H41C-1323
CO2 Trapping in Reservoirs with Fluvial Architecture: Sensitivity to Heterogeneity and Hysteresis in Characteristic Relationships for Different Rock Types
Abstract:
Naum I. Gershenzona, Robert W. Ritzi Jr.a, David F. Dominica, Edward Mehnertb, and Roland T. OkwenbaDepartment of Earth and Environmental Sciences, Wright State University, 3640 Col. Glenn Hwy., Dayton, OH 45435, USA
bIllinois State Geological Survey, Prairie Research Institute, University of Illinois at Urbana-Champaign, 615 East Peabody Drive, Champaign, IL 61820, USA
A number of important candidate CO2 reservoirs exhibit sedimentary architecture reflecting fluvial deposition. Recent studies have led to new conceptual and quantitative models for sedimentary architecture in fluvial deposits over a range of scales that are relevant to CO2 injection and storage, led to new geocellular modelling approaches for representing this architecture, and led to new computational studies of CO2 plume dynamics during and after injection.

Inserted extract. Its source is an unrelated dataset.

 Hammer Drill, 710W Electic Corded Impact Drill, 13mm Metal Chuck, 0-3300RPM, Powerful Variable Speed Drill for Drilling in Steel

The processes of CO2 trapping depend upon a complex system of non-linear and hysteretic characteristic relationships including how relative permeability and capillary pressure vary with brine and CO2 saturation. New computational studies of capillary trapping in conglomeratic reservoirs strongly suggest that representing small-scale (decimeter to meter) textural facies among different rock types, including their organization within a hierarchy of larger-scale stratification, representing differences in characteristic relationships between rock types, and representing hysteresis in characteristic curves can all be critical to understanding trapping processes. In this context, CO2trapping was evaluated in conglomeratic reservoirs with fluvial architecture including different rock types with different and hysteretic characteristic curves and with capillary pressure defined for each rock type using two different conventional approaches, i.e. Brooks-Corey and van Genuchten. The results show that in these reservoirs the capillary trapping rates are quite sensitive to differences between the Brooks-Corey and van Genuchten approaches, and that heterogeneity and hysteresis in characteristic relationships must both be represented in either case.